Tuesday, 14 July 2009

CBI energy report - Greenpeace response

In a report released yesterday the CBI has called call for the contribution from wind power to be reduced in favour of nuclear energy as means of decarbonising the electricity sector.

Commenting on the CBI report, Greenpeace executive director John Sauven said:

"The CBI claims to represent the interests of British industry, but by calling for wind power's contribution to our renewable energy targets to be reduced it's actually doing its members a great disservice."

He continued:

"Nuclear power is less effective than wind power at tackling climate change, while investment in renewables would create much needed British jobs in one of the few growth sectors in the global economy. Here in the UK we have one of the best renewable energy resources anywhere in the world and a manufacturing sector champing at the bit to capture the lead in marine technologies like offshore wind and tidal power."

The government's business advisory group - set up to accelerate the transition to a low carbon economy - concluded in a report last week that by meeting its renewable energy targets the UK would create 250,000 jobs and generate revenue of £70bn from wind and wave technology by 2050. The report also added that by 2020 the UK could become a world leader in offshore wind, capturing 45 per cent of the global offshore wind power industry.
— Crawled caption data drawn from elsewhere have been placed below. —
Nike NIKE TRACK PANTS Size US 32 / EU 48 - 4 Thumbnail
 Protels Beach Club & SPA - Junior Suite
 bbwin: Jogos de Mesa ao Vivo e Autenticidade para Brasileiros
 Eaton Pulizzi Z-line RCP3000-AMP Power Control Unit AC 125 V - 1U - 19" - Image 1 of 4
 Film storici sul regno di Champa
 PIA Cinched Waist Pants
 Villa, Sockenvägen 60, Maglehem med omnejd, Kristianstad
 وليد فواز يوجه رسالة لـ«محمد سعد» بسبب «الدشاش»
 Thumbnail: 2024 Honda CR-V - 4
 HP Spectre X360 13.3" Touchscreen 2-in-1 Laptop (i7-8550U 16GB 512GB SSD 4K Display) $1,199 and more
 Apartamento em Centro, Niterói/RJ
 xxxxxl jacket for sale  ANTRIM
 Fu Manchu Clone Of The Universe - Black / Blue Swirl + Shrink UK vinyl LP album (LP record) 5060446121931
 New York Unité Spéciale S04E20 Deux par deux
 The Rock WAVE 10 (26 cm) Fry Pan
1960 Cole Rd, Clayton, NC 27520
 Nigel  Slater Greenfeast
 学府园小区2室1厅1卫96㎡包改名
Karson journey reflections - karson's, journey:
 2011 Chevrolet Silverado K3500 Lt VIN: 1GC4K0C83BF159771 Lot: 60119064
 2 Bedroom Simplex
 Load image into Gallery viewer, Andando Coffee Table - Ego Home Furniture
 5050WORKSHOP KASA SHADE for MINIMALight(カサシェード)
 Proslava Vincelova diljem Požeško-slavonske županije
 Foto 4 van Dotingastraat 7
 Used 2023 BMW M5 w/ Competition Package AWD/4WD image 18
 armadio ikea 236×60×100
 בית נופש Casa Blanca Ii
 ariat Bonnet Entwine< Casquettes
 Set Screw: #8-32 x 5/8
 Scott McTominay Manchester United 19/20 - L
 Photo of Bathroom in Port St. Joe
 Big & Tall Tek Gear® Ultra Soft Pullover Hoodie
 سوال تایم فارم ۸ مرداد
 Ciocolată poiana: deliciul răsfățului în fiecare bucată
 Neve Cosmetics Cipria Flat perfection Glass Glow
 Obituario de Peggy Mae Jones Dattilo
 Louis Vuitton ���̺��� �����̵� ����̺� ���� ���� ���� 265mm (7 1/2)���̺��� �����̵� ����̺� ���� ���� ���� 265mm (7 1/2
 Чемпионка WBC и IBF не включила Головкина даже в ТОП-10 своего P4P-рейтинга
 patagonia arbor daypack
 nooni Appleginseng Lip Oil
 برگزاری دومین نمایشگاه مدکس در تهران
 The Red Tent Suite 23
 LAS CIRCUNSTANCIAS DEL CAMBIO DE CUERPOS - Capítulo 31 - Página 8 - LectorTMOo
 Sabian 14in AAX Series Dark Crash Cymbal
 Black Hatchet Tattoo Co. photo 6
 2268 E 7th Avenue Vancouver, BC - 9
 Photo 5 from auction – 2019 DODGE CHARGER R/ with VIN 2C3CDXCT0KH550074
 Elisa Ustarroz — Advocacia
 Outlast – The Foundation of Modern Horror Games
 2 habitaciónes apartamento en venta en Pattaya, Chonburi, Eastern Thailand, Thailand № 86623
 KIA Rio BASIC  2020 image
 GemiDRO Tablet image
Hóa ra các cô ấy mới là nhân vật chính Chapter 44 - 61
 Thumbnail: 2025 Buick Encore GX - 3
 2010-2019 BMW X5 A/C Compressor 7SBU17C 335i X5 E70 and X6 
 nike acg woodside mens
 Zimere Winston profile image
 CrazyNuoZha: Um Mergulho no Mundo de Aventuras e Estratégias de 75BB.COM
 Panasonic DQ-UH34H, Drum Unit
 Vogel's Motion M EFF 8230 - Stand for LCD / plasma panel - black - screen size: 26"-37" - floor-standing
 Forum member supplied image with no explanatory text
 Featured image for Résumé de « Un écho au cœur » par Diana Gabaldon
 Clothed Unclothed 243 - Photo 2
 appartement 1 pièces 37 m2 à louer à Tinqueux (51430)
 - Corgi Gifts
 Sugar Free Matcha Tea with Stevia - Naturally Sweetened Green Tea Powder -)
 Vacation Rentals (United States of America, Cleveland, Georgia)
Instead of working to realise this much needed boost to the UK economy, Greenpeace believes the CBI has prioritised representing members like EDF which are interested only in pushing a new generation of nuclear reactors in the UK, which will do little to deliver a secure, indigenous, globally replicable solution to the problems of climate change and energy security while creating jobs. The record of the nuclear industry in delivering cheap, reliable energy is poor (construction of a new Finnish reactor - touted as a example of how nuclear can deliver - is now three years behind schedule after three years of construction, and substantially over budget).

Sauven added:

"The existing bill for nuclear waste already stretches beyond £100bn, but that hasn't stopped EDF already calling for renewable energy to be constrained because it has the potential to render new nuclear stations even more uneconomic. The company can't even deliver its only new reactor construction, at Flammenville in northern France, on time or on budget. It's a shame that the Confederation of British Industry is lobbying furiously for a French state-owned energy giant instead of UK-based renewables companies."